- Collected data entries
================================
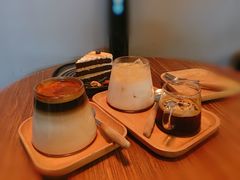-转山咖啡(松柏社区店)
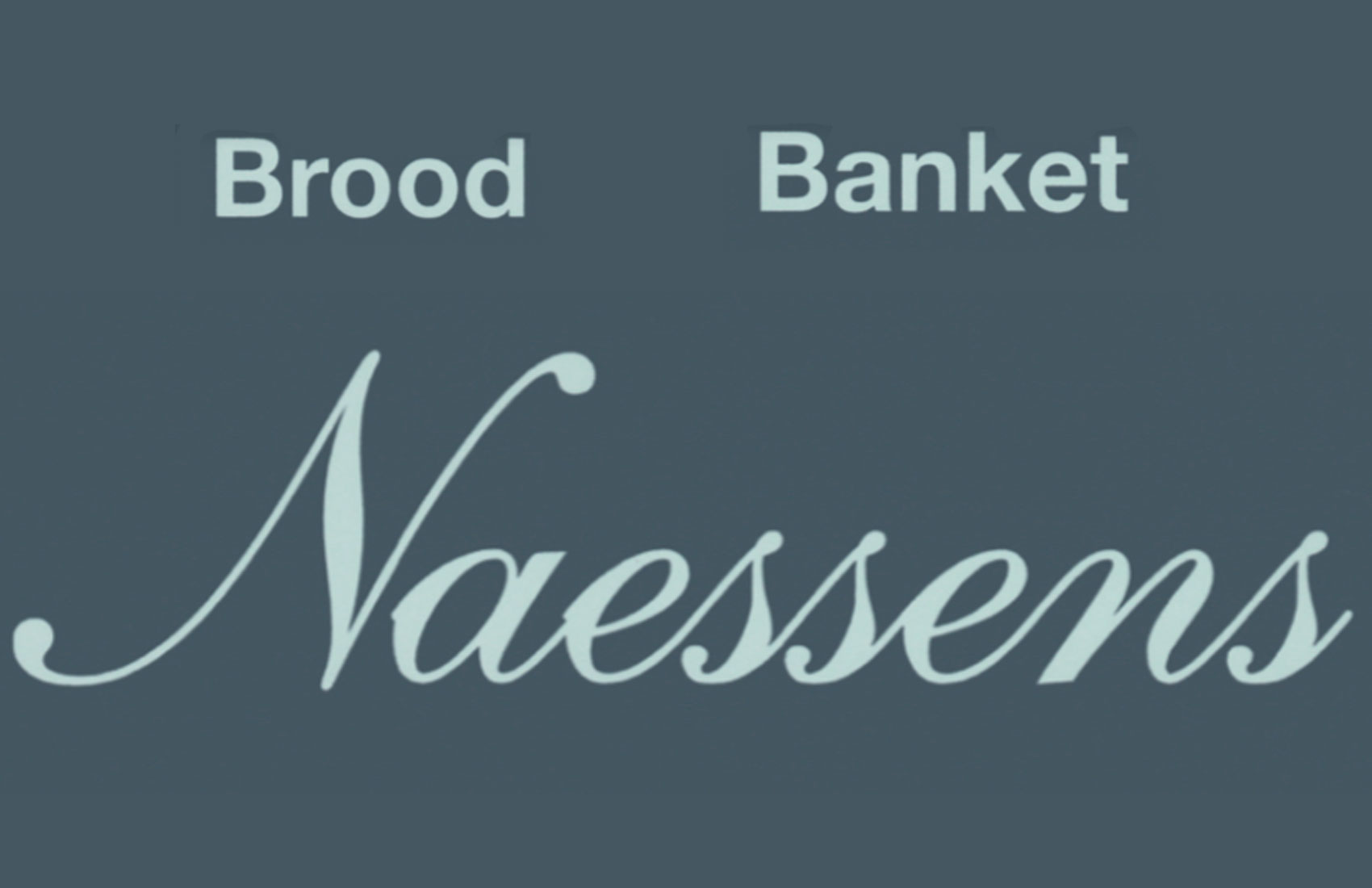 Bakkerij Naessens
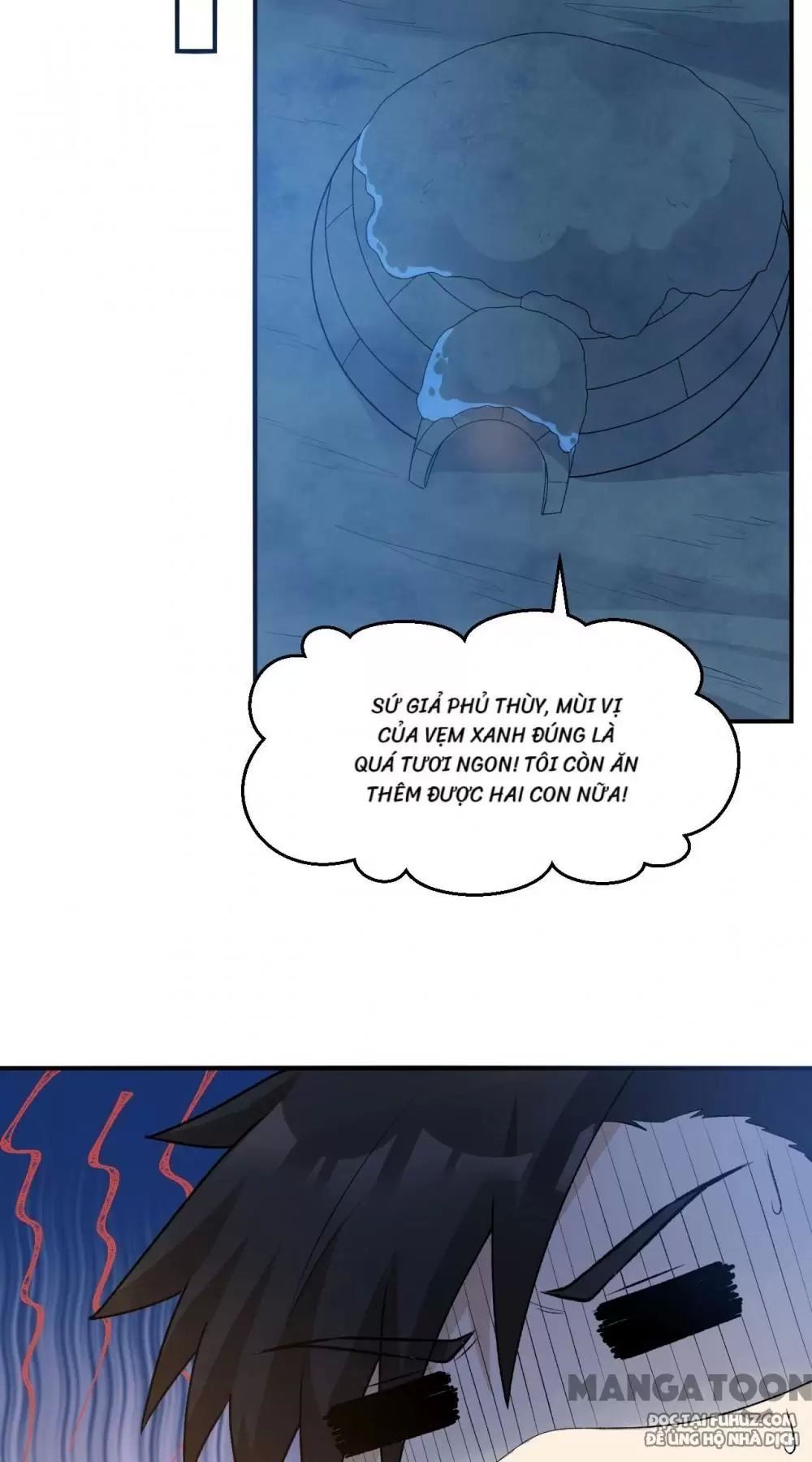 đọc truyện Tôi Sống Trên Hoang Đảo Cùng Các Em Gái Chương 235 ảnh 38 tại Thiên Thai Truyện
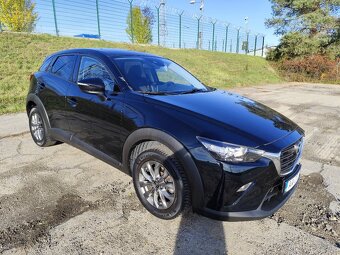 Mazda CX-3 2.0 Skyactiv 2019 - 5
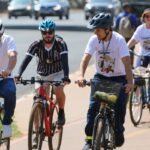 Prêmio Bicicleta Brasil seleciona 76 iniciativas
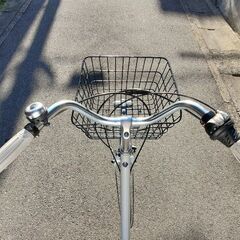 商談中「中古」27インチ　パルノ　ブリヂストン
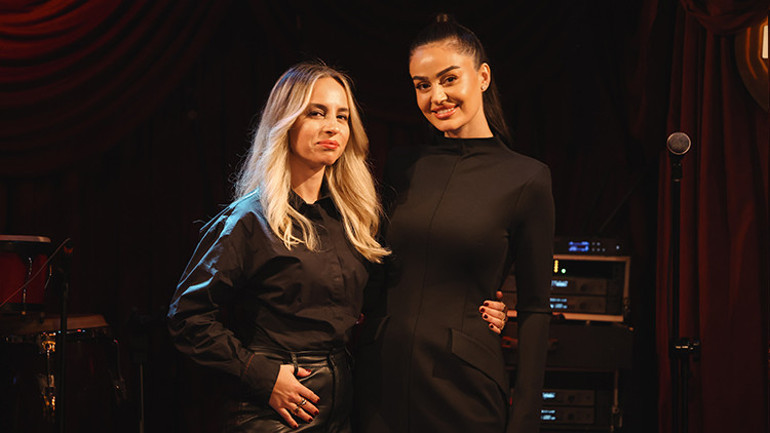 ELİF BUSE DOĞAN ÖZEL RÖPORTAJ || Haftada en az bir kez Kaçsam Gitsem diyorum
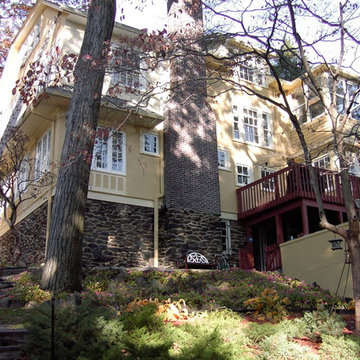 exterior painting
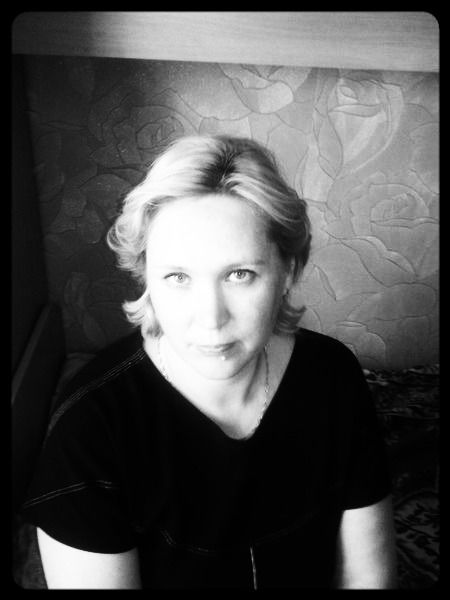 Светлана Семёнова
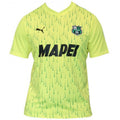 Maillot Sassuolo Third 2023/24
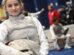 Esgrimista gaúcha Mariana Pistoia confirma vaga nos Jogos de Paris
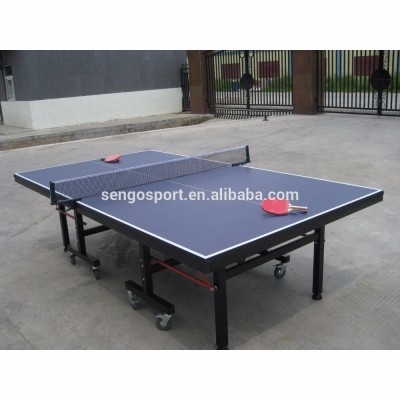 Decent DHS competition grade ping pong table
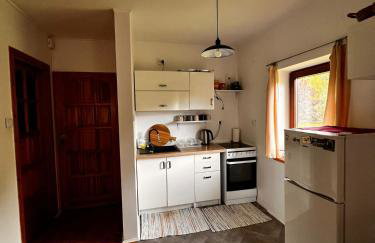 Domek Ciśniawa - Foto 2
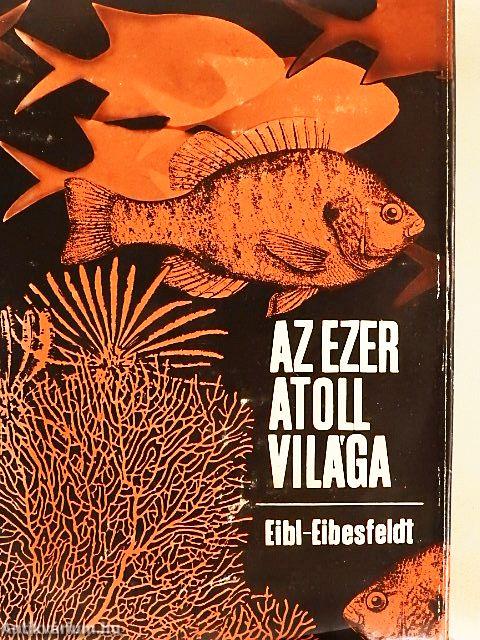 Az ezer atoll világa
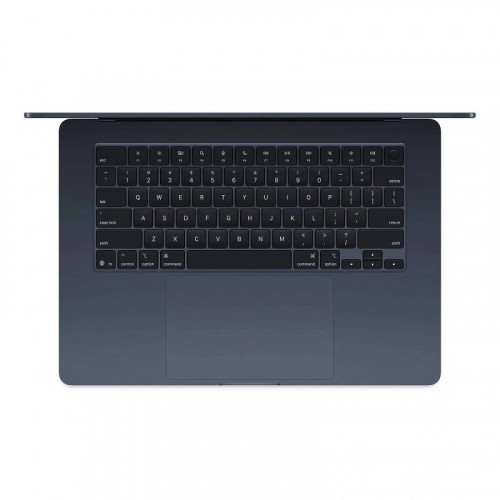 Ноутбук Apple MacBook Air 15'' (2025) M4 16/512GB, Midnight (MW1M3)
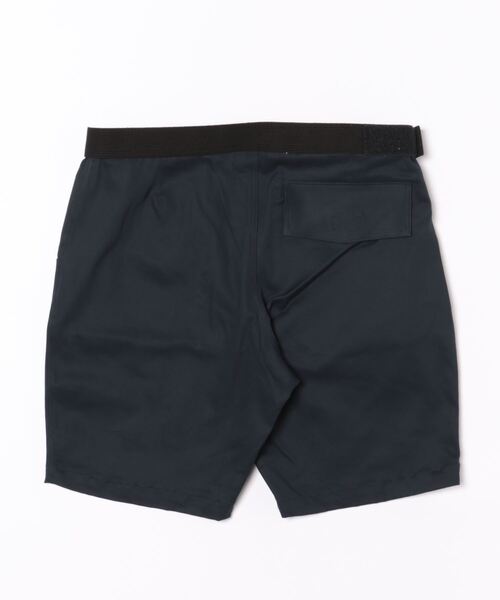 【日本製】グリーンボウル【GREEN BOWL】Easy Short Pants（その他パンツ）｜GREEN BOWL（グリーンボウル）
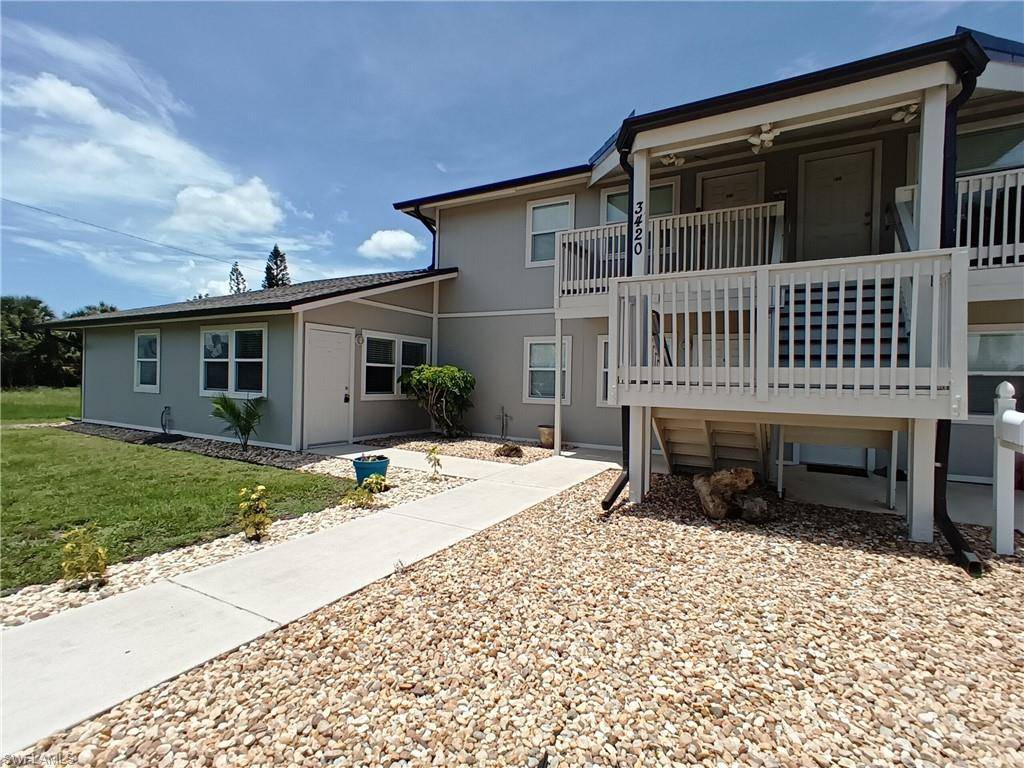 Cape Coral, FL 33914,3420 Skyline BLVD #101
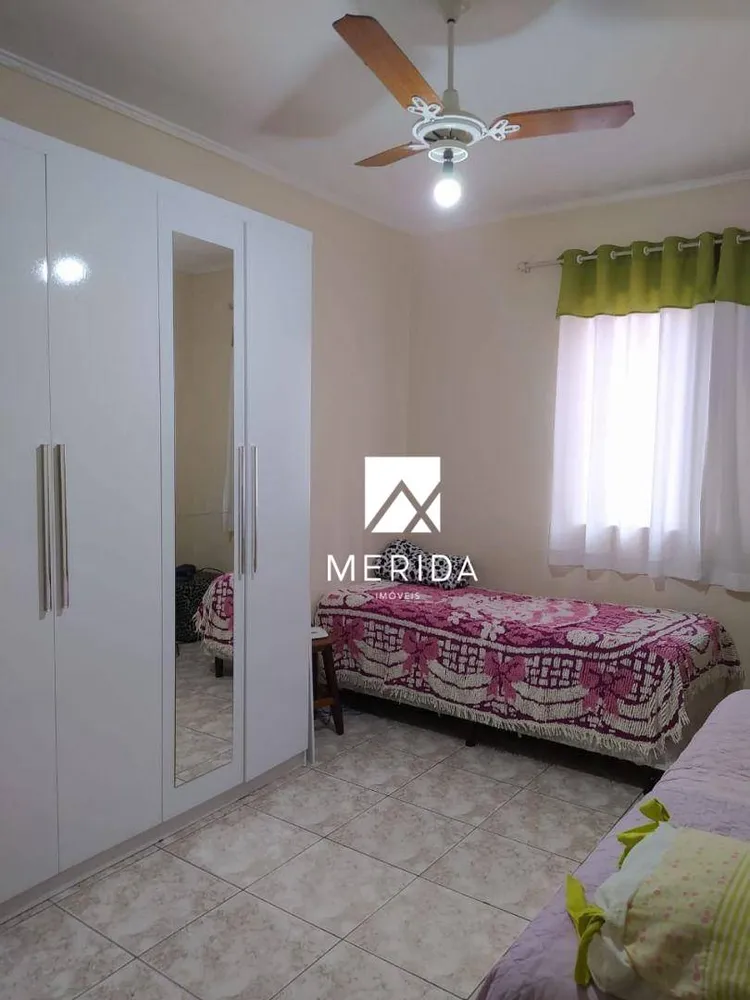 Sobrado, 3 quartos, 128 m² - Foto 6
================================
- Work item
Copy only what lies between the line with "Prêmio Bicicleta Brasil" and the line with "Domek Ciśniawa - Foto 2", those two lines included, exactly as given above; pictures stay out.

- Task solution
 Prêmio Bicicleta Brasil seleciona 76 iniciativas
 商談中「中古」27インチ　パルノ　ブリヂストン
 ELİF BUSE DOĞAN ÖZEL RÖPORTAJ || Haftada en az bir kez Kaçsam Gitsem diyorum
 exterior painting
 Светлана Семёнова
 Maillot Sassuolo Third 2023/24
 Esgrimista gaúcha Mariana Pistoia confirma vaga nos Jogos de Paris
 Decent DHS competition grade ping pong table
 Domek Ciśniawa - Foto 2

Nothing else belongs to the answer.